Texture is an important element in creating professional-looking do-it-yourself wedding flowers. The concept of texture is something that each of us learned about in elementary school when we looked at rough and smooth surfaces, and it can really be that simple while putting together flowers for your special event. Don't fret about getting too complex.

Texture can be described as the feel, appearance or characteristics of a surface. This is extremely important in floral design because the texture of a vase, flowers, foliage, fillers, bows and more need to be taken into account to ensure that the combined texture will have a desirable flow and consistency. When most amateur floral designers start out, they are most concerned about using complementary colors in their bouquets and centerpieces. What sets the professionals apart from the novices is an understanding of texture. To really make your DIY floral arrangements stand out, get comfortable with experimenting with both color and texture.

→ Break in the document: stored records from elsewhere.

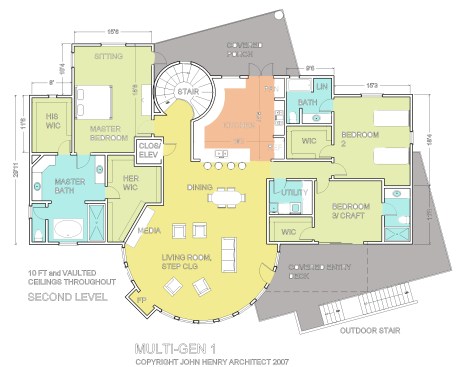 Second Floor Multi-Gen house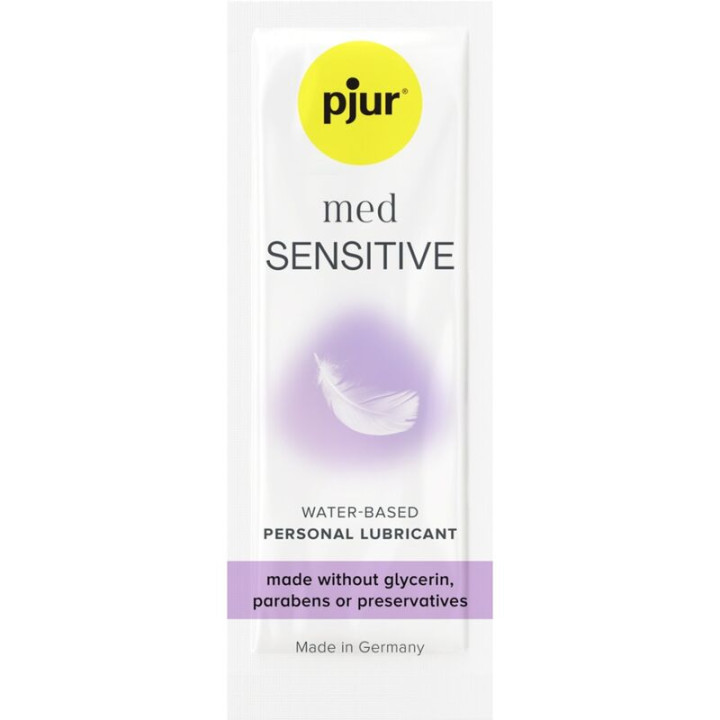 Pjur - Med Sensitive Glide Lubricante Base Agua 2 ml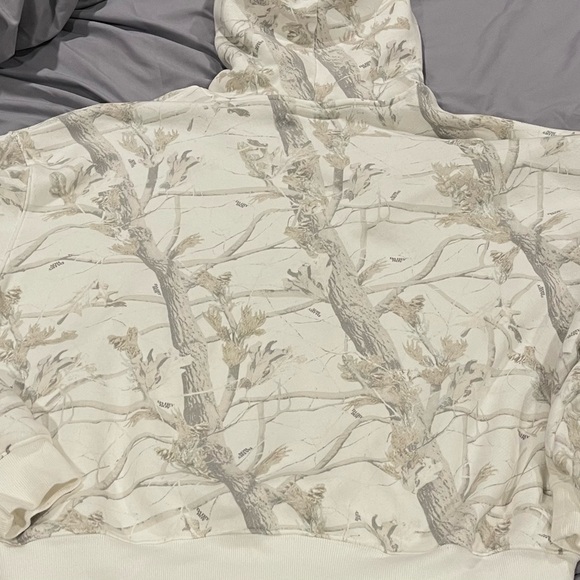 SOLD!! DB White Camo Hoodie - Picture 2 of 3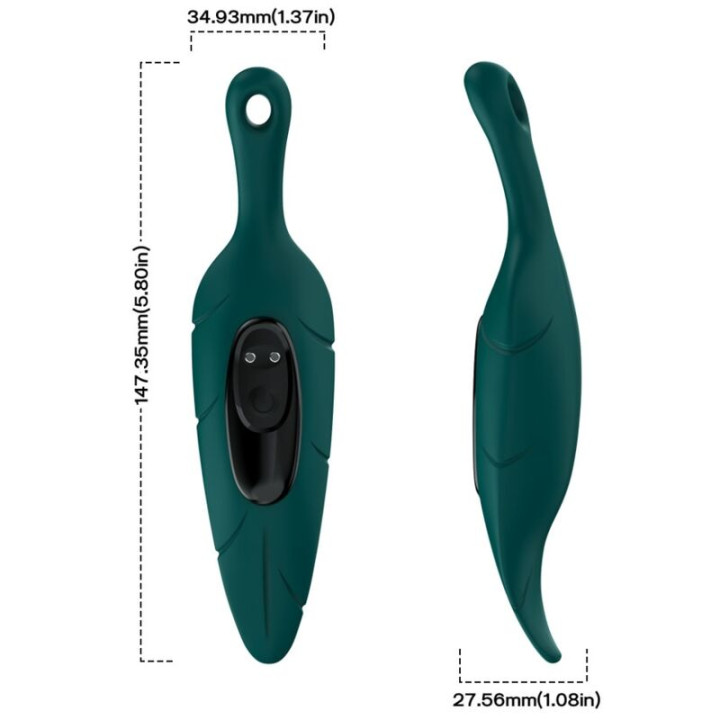 Armony - Stimulateur & Vibrateur Vert Feuille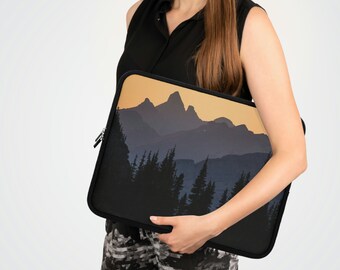 Mountain Top Tree Tops Water Resistant Laptop Sleeve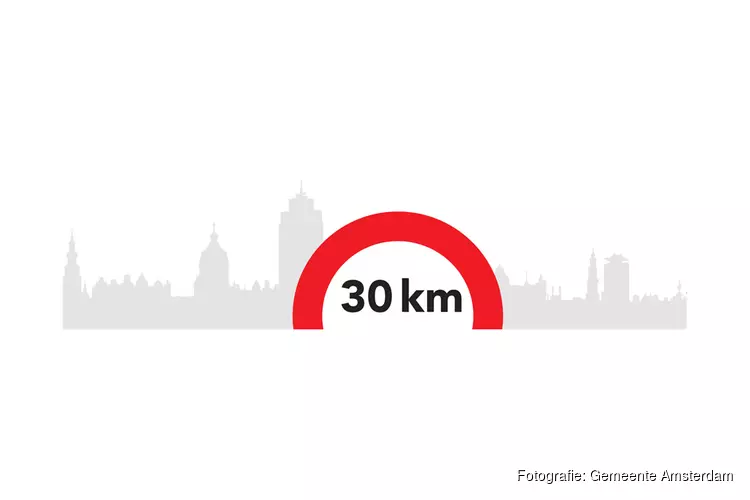 Maximumsnelheid in Amsterdam op meeste wegen naar 30 kilometer per uur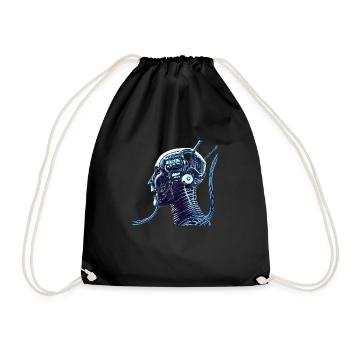 The Singularity Is Coming - Drawstring Bag - black - Front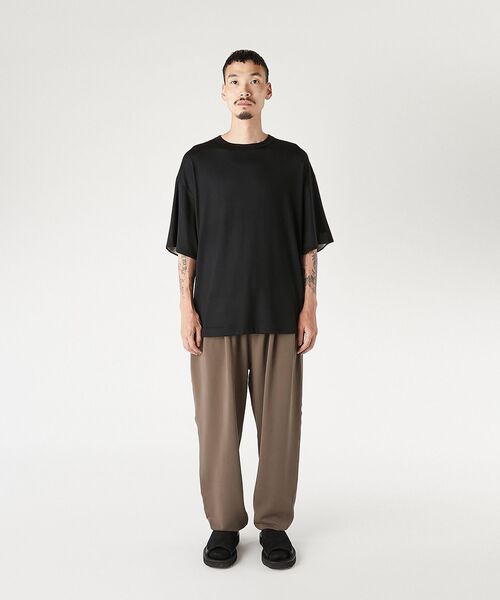 N.HOOLYWOOD COMPILE(N.ハリウッド コンパイル)の「T-SHIRT(Tシャツ/カットソー・メンズ・ベージュ/ブラック系3/ブラック・40/38/36)」の7枚目の写真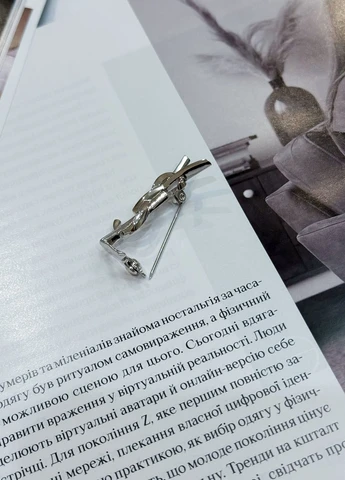 Брошь Silver Flame (317284628)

Texture in Flower Examples Interesting textures can convey elegance, rustic and classic styles.

Style and Texture

Texture enhances the desired style of an arrangement. If you want a sleek, modern look, opt for smoother flowers and greens: Tulips, roses, branches, and grasses create an “unfussy” feel, as does using a smaller mix of varieties. Looking for romance? Think soft, delicate, and flowing: Garden roses, peonies, and amaranthus. For a more rustic, relaxed feel, think about a field of flowers. Combine different sizes, shapes, and textures of your favorite blooms.

Vases and Texture

Often people tend to forget all about vases when they think about the texture of their arrangements; keep in mind that containers can add just as much to the texture of special event floral arrangements as the flowers themselves. A shiny silver or gold finish on a vase will result in a completely different look and texture than a white plastic vase would. In fact, highly reflective vases imply elegance and formality while a coarse-textured wood basket is more natural and informal. If you are having a rustic themed event, choose wooden vases, stressed finishes, moss accents and vintage accessories to make the most of the texture of the vase. If you are looking for a sleek, more modern design try using shiny and smooth, clean-lined vases. Should you want to go with a sophisticated theme, try choosing a vase with height and an intricate design.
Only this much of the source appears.